For those of you interested in winning the quantum Randi challenge, I've posted an R script which you can use as basis for your own experiments, http://rpubs.com/gill1109/QRC . You can read about the QRC in a number of places, for instance in Sasha Vongehr's paper http://arxiv.org/abs/1207.5294
R is free (both as in "free beer" and as in "free speech" and can be obtained from http://R-project.org). It is the programming language of choice for millions of data scientists throughout the world. It has a steep learning curve but it pays off to try to climb the hill.
Your job is simply to program three functions which (a) generate hidden variables for one particle pair at the source (b) compute a measurement outcome at Alice's station, depending on Alice's setting, which will be 0 or 67.5 degrees, (c) compute a measurement outcome at Bob's station, depending on Bob's setting, which will be 0 or 45 degrees. The outcomes are binary (+/-1).

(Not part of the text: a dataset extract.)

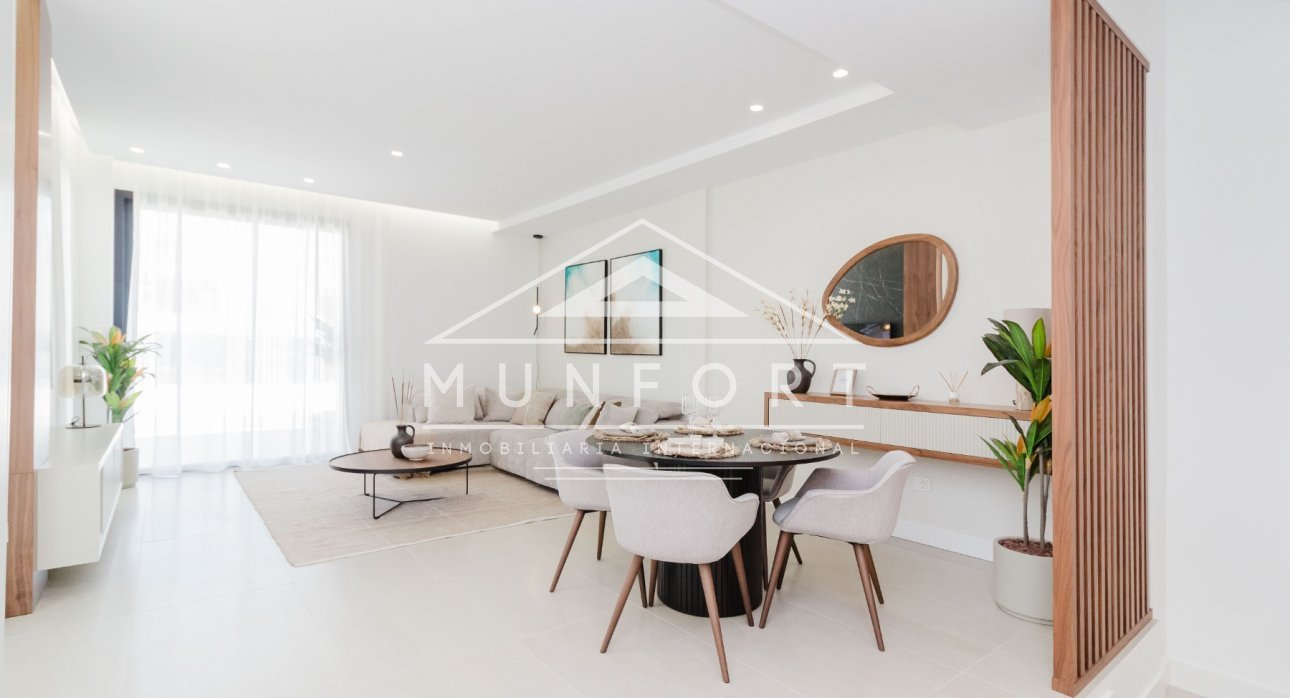 Resale - Luxury Villas -
Torre-Pacheco - Santa Rosal&iacute;a Lake and Life Resort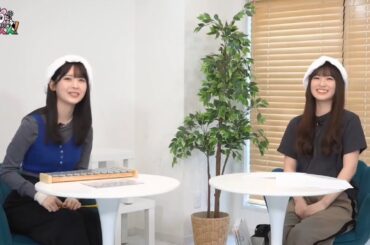 【乃木坂46】  筒井あやめ💜小川彩     あーや 一生の お願い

In the script, this is repeated 800 times; the settings being chosen completely at random. After the experiment has finished, the data is analysed. The aim is to have
(a) perfect anti-correlation when Alice and Bob have equal settings, and
(b) the number of times both their outcomes are unequal when their settings differ by 22.5 degrees is larger than the number of time they are equal when settings differ by 45 degrees plus number of times unequal when settings differ by 67.5 degrees.
It is not too difficult to invent a local hidden variables theory which always satisfies (a) and which satisfies (b) with probability half. Probability half means: in half of the experiments. [Every experiment has 800 runs, and two new, completely random, setting sequences.]

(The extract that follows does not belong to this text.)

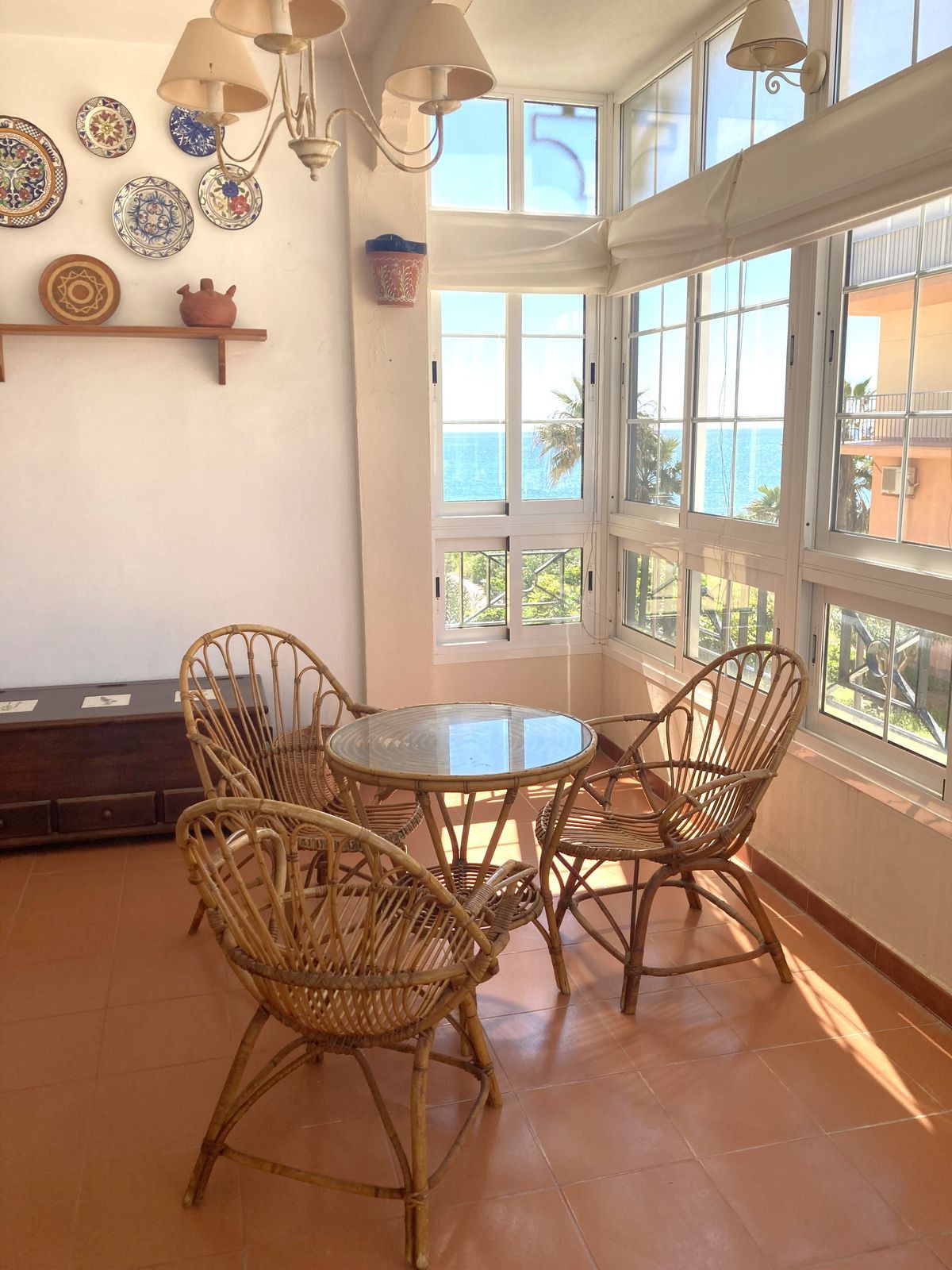 Dormitori de Apartament en venda en Torrox amb Terrassa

Quantum mechanics can in theory satisfy (a) always, and it can in theory satisfy (b) in more than 99% of all experiments.
I remind you again: every experiment consists of exactly 800 runs.
If you win the experiment, don't tell me, but post your script on internet. Of course the script must be legal, which means that it should also run on separated computers and without knowing in advance what the setting sequences will be. If, in such rigorous conditions, it does indeed succeed, you have created a classical physical system (a classical computer network) which exhibits quantum correlations previously believed to be impossible to generate by classical means without violating locality or arranging some kind of conspiracy. You will very quickly become famous and win the Nobel prize for your experimental disproof of Bell's theorem, and for the fact that you have instantly destroyed the whole quantum entanglement business (quantum computers, quantum communication, ...). No establishment conspiracy will be able to stop you.